Task objective => Please, without any pictures, set down exactly the part of the listing below that opens with the line containing "You have to" and closes with the line containing "And it is a".

Exercise inputs =>
# # # #
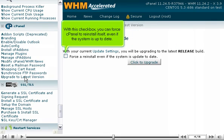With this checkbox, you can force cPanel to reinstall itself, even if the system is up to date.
# # # #
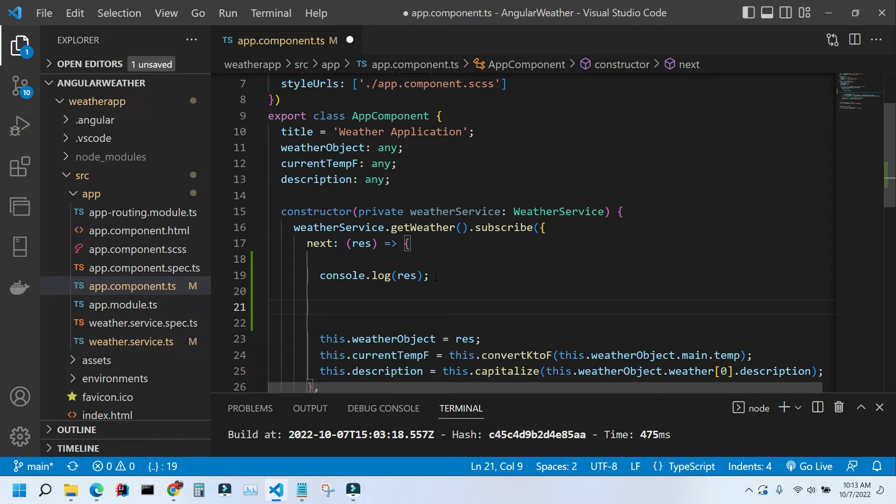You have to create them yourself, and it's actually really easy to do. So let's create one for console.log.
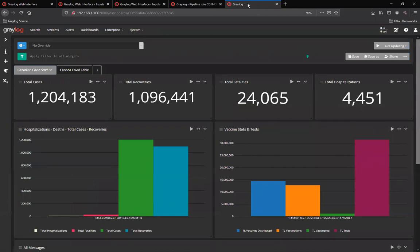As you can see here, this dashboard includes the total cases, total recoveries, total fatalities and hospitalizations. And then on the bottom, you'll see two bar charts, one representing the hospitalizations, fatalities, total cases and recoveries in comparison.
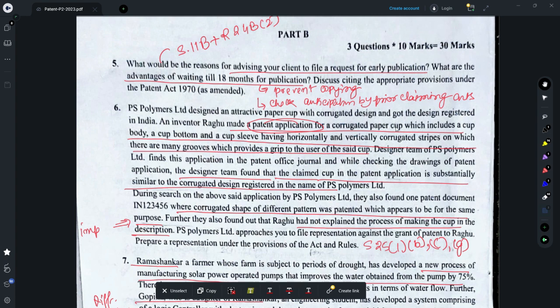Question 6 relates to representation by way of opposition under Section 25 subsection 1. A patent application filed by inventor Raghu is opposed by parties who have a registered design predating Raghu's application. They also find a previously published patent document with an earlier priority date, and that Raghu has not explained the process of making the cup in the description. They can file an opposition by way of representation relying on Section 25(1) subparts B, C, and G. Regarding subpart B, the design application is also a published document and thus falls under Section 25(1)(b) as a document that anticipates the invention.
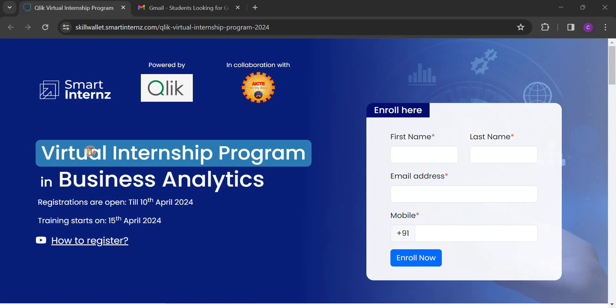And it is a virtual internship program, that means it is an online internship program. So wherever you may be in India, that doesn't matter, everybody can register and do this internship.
# # # #
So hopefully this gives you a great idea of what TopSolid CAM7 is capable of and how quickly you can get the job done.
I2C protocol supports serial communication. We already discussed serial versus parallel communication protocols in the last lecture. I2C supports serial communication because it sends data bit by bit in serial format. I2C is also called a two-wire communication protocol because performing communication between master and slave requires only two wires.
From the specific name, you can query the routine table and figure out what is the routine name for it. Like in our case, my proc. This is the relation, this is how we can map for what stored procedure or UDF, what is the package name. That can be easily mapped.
# # # #
Output below =>
You have to create them yourself, and it's actually really easy to do. So let's create one for console.log.
As you can see here, this dashboard includes the total cases, total recoveries, total fatalities and hospitalizations. And then on the bottom, you'll see two bar charts, one representing the hospitalizations, fatalities, total cases and recoveries in comparison.
Question 6 relates to representation by way of opposition under Section 25 subsection 1. A patent application filed by inventor Raghu is opposed by parties who have a registered design predating Raghu's application. They also find a previously published patent document with an earlier priority date, and that Raghu has not explained the process of making the cup in the description. They can file an opposition by way of representation relying on Section 25(1) subparts B, C, and G. Regarding subpart B, the design application is also a published document and thus falls under Section 25(1)(b) as a document that anticipates the invention.
And it is a virtual internship program, that means it is an online internship program. So wherever you may be in India, that doesn't matter, everybody can register and do this internship.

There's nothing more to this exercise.